INFORMATION PROVIDED
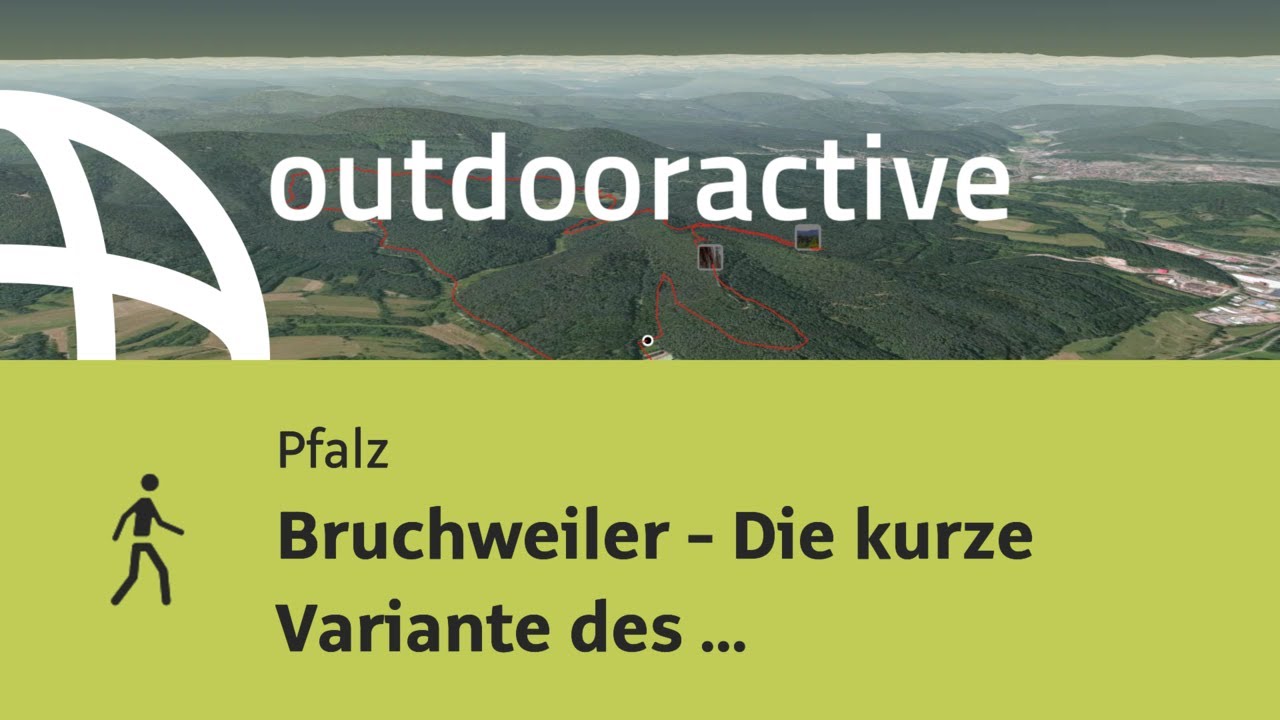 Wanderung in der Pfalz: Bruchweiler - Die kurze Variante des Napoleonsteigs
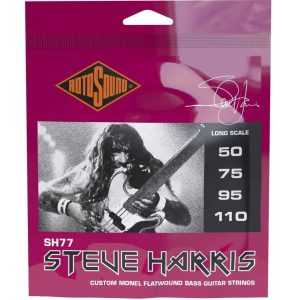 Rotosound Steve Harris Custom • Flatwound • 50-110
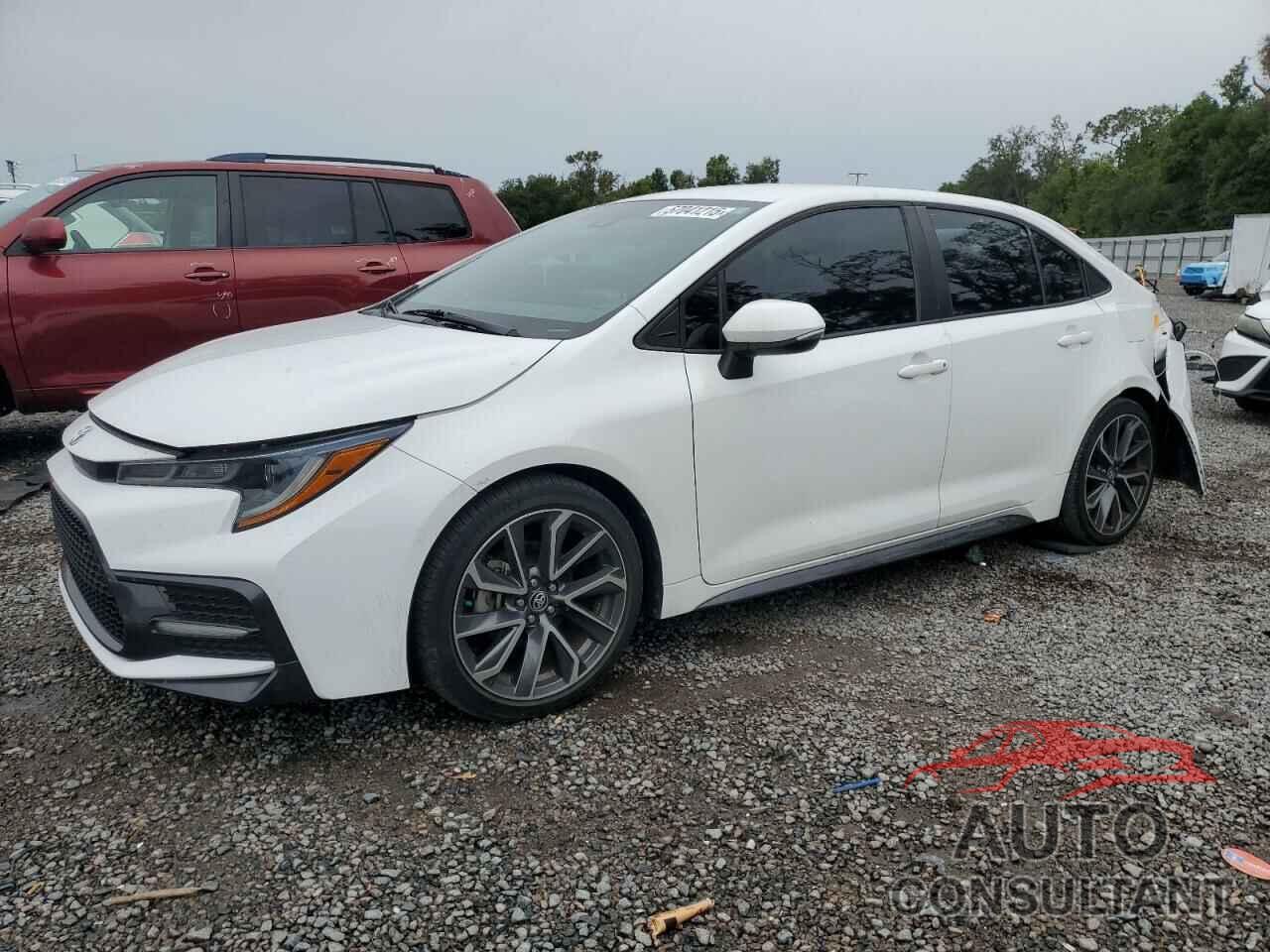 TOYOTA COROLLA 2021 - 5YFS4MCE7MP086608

EXERCISE BRIEF
Could you give the listing again exactly, minus its pictures?

EXERCISE ANSWER
 Wanderung in der Pfalz: Bruchweiler - Die kurze Variante des Napoleonsteigs
 Rotosound Steve Harris Custom • Flatwound • 50-110
 TOYOTA COROLLA 2021 - 5YFS4MCE7MP086608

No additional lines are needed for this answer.